Captured Lives peers behind the barbed wire drawn around people deemed threats to Australia's security during the two world wars. Civilians from enemy nations, even if born in Australia, were subjects of suspicion and locked away in internment camps. Prisoners-of-war were shipped from the other side of the world and shut away in camps in country Australia.
No matter how unjust their internment or how severe the privations, most internees and POWs worked out ways to relieve their discomfort, physical and mental, and their boredom. Internees devoted their time to creative pursuits like theatre, musical ensembles, art and photography, while others involved themselves in sporting activities, gardening or studying.
Captured Lives mentions over 30 of the main camps that were spread across Australia during the two world wars. Included are sketches, watercolours and photographs made by internees serve as references of the conditions and life in the camps from an insider's perspective.
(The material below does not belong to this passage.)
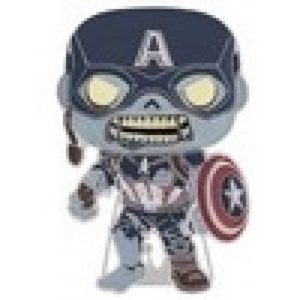 Funko Pop! Pin: Marvel What If...? - Zombie Captain America (Glows in the Dark) #21 Large Enamel Pin (MVPP0059).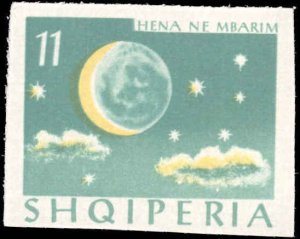 Albania #743a, Complete Set(4), Imperf, 1964, Space, Never Hinged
Publisher: National Library of Australia
Ruth Balint, in the Sydney Morning Herald wrote:
This amazing book gives accounts of many internees and how they lived behind the barbed wire in Australian internment camps. Profusely illustrated and a fascinating read.
Monteath’s is an important work of social history that pays special attention to personal stories to document individual experiences as migrants and captives. Many had been living in Australia for years, sometimes generations, and suddenly found themselves objects of suspicion and hatred because of their "enemy" origins.